# Moved proxy server to secondary router, Firefox times out

## audiodef

I recently moved a server to another room in my house. This server runs TOR and my other desktop systems have Firefox set to use it as a proxy. 

Before I moved this server, it was connected directly to my primary router. It is now connected to a secondary router. The server is pingable and ssh'able at the same local IP address it has always had, but now, when I set Firefox to use it, it times out. 

Why?

EDIT: Wait... I just had a thought.
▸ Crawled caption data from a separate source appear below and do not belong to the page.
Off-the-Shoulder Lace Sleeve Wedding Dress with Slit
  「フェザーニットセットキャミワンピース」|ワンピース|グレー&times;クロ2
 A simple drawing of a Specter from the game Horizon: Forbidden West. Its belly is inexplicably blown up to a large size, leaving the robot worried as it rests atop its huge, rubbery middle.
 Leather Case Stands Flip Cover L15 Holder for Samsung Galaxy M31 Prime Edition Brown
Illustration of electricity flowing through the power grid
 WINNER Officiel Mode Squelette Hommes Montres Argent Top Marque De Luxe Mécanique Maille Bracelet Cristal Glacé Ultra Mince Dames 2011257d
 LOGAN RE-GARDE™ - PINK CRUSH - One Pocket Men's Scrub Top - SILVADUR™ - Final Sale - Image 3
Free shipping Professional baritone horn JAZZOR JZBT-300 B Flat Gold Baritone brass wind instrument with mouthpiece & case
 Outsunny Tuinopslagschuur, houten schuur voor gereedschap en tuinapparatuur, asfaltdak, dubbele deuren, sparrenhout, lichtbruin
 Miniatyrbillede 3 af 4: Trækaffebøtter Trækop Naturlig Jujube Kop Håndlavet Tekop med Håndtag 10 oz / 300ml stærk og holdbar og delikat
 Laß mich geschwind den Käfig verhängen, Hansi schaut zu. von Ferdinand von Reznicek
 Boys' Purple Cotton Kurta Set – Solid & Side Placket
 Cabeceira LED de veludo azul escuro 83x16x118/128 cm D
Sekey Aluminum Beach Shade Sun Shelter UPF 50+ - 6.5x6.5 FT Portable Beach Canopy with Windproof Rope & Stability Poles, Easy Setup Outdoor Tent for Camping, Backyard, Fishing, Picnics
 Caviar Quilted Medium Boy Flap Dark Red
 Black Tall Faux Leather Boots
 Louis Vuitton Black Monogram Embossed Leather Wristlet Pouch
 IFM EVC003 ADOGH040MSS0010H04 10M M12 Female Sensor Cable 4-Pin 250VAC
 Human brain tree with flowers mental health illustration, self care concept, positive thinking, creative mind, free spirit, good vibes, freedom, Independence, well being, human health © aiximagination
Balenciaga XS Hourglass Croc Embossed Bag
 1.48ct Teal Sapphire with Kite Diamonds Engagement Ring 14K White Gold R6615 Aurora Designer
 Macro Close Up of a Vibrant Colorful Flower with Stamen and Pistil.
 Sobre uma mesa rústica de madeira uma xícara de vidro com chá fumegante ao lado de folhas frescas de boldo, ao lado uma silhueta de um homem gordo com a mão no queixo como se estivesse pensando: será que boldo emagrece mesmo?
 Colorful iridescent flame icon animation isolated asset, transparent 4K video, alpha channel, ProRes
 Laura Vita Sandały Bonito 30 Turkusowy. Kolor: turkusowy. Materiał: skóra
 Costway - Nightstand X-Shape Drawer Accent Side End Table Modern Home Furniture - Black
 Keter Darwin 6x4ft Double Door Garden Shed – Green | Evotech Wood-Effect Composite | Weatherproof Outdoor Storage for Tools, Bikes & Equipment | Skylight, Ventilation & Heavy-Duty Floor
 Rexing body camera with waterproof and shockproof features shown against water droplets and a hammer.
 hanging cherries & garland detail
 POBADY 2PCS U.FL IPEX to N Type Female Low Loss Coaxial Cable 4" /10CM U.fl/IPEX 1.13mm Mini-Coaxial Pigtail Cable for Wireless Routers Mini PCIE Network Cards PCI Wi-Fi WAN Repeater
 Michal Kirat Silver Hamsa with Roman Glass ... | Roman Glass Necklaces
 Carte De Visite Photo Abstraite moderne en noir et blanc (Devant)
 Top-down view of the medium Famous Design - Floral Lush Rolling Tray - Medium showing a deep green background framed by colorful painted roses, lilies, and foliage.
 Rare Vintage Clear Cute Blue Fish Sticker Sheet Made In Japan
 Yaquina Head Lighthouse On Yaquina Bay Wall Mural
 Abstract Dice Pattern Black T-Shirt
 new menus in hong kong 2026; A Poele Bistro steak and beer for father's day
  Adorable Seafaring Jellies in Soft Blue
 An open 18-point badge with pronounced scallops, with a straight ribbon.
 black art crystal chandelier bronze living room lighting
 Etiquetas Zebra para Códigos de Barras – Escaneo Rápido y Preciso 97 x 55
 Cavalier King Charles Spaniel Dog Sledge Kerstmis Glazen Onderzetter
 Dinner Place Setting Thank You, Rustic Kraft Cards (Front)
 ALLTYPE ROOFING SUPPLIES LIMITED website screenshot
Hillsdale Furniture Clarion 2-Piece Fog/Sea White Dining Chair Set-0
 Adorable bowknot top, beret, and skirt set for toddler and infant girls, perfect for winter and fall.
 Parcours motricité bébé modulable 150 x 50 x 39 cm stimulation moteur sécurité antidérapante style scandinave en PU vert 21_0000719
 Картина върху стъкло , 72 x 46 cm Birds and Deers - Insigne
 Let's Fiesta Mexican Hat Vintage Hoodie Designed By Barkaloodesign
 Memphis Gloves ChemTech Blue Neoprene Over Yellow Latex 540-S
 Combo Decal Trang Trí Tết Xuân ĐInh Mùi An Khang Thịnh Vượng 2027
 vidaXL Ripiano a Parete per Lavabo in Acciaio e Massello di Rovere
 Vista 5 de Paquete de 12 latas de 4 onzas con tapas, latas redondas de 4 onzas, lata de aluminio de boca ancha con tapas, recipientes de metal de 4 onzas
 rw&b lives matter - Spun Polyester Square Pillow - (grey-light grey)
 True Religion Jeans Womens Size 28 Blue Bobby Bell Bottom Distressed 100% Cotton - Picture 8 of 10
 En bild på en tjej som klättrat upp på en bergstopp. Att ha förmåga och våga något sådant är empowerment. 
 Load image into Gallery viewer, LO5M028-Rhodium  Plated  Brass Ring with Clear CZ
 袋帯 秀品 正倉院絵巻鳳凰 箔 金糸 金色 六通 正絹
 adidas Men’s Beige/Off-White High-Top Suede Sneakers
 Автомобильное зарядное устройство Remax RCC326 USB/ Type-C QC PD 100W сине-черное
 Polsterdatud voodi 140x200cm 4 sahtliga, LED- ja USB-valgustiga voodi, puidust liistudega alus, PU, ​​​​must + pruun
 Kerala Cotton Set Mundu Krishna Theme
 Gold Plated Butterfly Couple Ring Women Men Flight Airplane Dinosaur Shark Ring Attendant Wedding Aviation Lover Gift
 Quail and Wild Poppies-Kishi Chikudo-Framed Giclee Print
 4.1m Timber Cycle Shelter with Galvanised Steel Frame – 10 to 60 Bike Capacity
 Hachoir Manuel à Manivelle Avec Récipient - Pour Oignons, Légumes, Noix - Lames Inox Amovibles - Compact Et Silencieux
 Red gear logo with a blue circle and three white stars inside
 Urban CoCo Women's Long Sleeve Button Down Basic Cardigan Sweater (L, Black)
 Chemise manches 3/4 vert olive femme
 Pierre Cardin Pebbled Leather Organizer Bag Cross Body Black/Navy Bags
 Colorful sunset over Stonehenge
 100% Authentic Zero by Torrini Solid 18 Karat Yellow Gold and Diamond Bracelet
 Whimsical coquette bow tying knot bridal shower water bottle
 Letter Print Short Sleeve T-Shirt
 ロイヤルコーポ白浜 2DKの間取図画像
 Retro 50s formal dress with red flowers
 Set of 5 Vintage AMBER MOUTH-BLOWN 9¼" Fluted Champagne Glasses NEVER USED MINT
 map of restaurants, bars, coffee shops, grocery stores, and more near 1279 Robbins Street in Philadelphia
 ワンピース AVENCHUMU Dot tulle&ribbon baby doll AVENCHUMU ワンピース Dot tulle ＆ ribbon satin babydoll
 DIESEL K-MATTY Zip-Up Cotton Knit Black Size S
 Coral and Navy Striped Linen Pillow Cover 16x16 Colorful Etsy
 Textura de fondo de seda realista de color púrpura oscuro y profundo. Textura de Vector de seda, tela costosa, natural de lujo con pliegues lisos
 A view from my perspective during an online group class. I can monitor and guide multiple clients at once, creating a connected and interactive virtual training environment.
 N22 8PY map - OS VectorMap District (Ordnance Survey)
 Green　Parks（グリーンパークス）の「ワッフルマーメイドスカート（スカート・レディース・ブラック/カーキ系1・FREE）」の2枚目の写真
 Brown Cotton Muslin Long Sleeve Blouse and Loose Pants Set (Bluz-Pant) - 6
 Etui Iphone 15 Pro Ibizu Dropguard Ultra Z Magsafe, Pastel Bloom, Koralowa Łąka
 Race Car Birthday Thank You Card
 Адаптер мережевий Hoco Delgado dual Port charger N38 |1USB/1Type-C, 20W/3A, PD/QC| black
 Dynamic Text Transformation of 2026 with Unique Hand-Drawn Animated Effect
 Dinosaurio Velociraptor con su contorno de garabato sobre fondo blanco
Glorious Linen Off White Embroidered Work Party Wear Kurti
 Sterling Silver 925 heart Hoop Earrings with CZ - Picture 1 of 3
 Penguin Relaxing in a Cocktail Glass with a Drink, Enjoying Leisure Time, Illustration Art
Do I need to open a port on one of my routers, and if so, which port and on which router (primary or secondary)?

----------

## Hu

In what way does Firefox time out?  Your statement could mean that Firefox is unable to reach the proxy.  However, it could also mean that Firefox reaches the proxy, but the proxy fails to provide connectivity to the requested Internet site.

----------

## audiodef

What I get, after a couple of minutes, is:

The connection has timed out

The server at (website.xxx) is taking too long to respond.

----------

## cach0rr0

time to break out nmap and curl

-nmap from client to proxy and make sure you can connect (nmap -sT -pNN -P0 -vv x.x.x.x) where NN is a numeric port

-nmap from proxy machine to external website (nmap -sT -p80 -P0 -vv domain.com) where domain.com is the target website

-curl from client to website via proxy (curl -v -x 'http://x.x.x.x:NN' http://domain.com)

-curl from proxy directly to website (curl -v http://domain.com)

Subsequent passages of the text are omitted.